La presencia de Bolívar alborota en él unas fuerzas que a ella no pasan de sumergirla en un suspiro de solemnidad. Cómo no evocar los relatos de ciertos conspirados que aseguraban haber presenciado, no una sino muchas veces, la escena en que el líder de los golpistas dejaba una silla vacía para que en el momento oportuno viniera a ocuparla el fantasma que aquí vemos aferrado a la montura como en una asociación de sangre y temperamento. La silla vacía, el guerrero erecto, la capa ondeando al viento, la gorra sostenida con abandono como si se tributara al espectador el sudor y las ideas segregadas por la exquisita cabeza.

Aun cuando las figuras humanas ocupan menos de la mitad de la superficie reservada al héroe, este no se nos presenta desagradable. Es un Bolívar de museo, no de cuartel.
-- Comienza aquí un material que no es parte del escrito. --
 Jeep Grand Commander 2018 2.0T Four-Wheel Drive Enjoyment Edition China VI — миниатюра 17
De cuaderno, no de aviso oficial. Dice Pino Iturrieta: «En la medida en que la religión nacional nubla el entendimiento e invita a la subestimación de lo que cada generación ha hecho en su época, frena o demora la afirmación de una fuerza capaz de fundar la sociabilidad republicana que tanto se echa en falta. Cuando hace que cada presente se encandile por las glorias del pasado heroico y por los portentos de un artífice irrebatible, contribuye a la persistencia de la masa parasitaria. Una fe susceptible de decretar la incapacidad de los herederos del superhombre, o de presentarlos como sujetos inmaduros que dependen del Padre ubicuo y omnisciente le quita combustible al motor que cada uno debe poner en marcha para salir de su atolladero. Cambia el combustible por una inútil agua bendita».
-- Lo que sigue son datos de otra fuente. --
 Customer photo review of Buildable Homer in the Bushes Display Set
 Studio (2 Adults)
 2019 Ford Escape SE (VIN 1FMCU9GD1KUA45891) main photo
Tiene razón el maestro Pino. Pero los venezolanos que muestran estas fotos no están paralizados por el Júpiter tonante. Para ella, no logró el de Caracas hazaña mayor que estar ahí, ese día, en ese Palacio, con ese peinado, envuelta en esa seda rumorosa y ajardinada (solo Dios sabe de cuántos sacrificios está empedrada la senda que la condujo a ella ahí). Y, para él, bueno, el ecuestre es pana, les paró las patas a unos cuantos y cada vez que atraviesa este salón siente que lo mira. A él.